Eclairé et éclairant. Caroline Champetier x Georges Didi Huberman


Caroline Champetier :

« Il y a une espèce de contradiction dans la direction de la photographie : c’est d’éclairer à la fois des êtres des visages, des corps et des décors.
D’arriver à ce que quelque chose de cette contradiction soit vraiment prise dans le récit. Il faut l’incarner visuellement.
La peau pour moi est une chose miraculeuse.
C’est aussi un rapport à l’acteur, une façon de s’approcher de l’acteur par la chose qu’on partage avec lui qui est sa peau.C’est une drôle de chose.

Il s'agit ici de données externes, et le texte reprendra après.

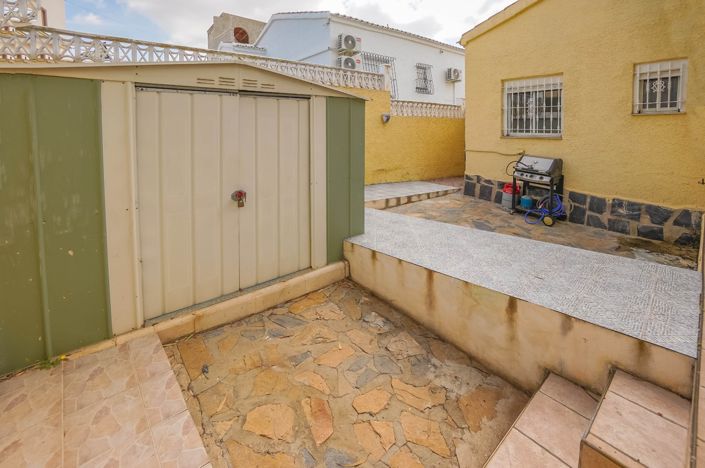 Image No.21-3 Bed Villa / Detached for sale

On comprend à un moment donné qu’en fait Tout est médiation au cinéma et qu’éclairer un acteur c’est faire que ce soit lui qui éclaire. Et donc tout le travail c’est cette espèce de de transmission de forces visuelles, qui fait qu’en éclairant un regard la scène prend forme, prend force.
C’est ce qu’on appelle la lumière réfléchie la lumière qui tombe sur le personnage, sur la peau. La photographie c’est un trajet, ce n’est pas une chose directe.»




Georges Didi-Huberman :

« Je veux dire simplement qu’il n’y a pas LA lumière dans l’ordre esthétique, il y a des lumières. Il y a même éventuellement des lumières contre des lumières, à cette échelle il serait donc insuffisant de parler de la lumière en général. Comme de parler d’ailleurs de la visibilité en général.
Il y a lutte de certaines lumières contre d’autres lumières parce que on pourrait dire, dans l’ordre de l’expérience commune que certaines lumières font apparaître des choses et d’autres lumières les font disparaître. C’est comme le feu la lumière, c’est multiple, c’est vorace, c’est pour le meilleur et pour le pire.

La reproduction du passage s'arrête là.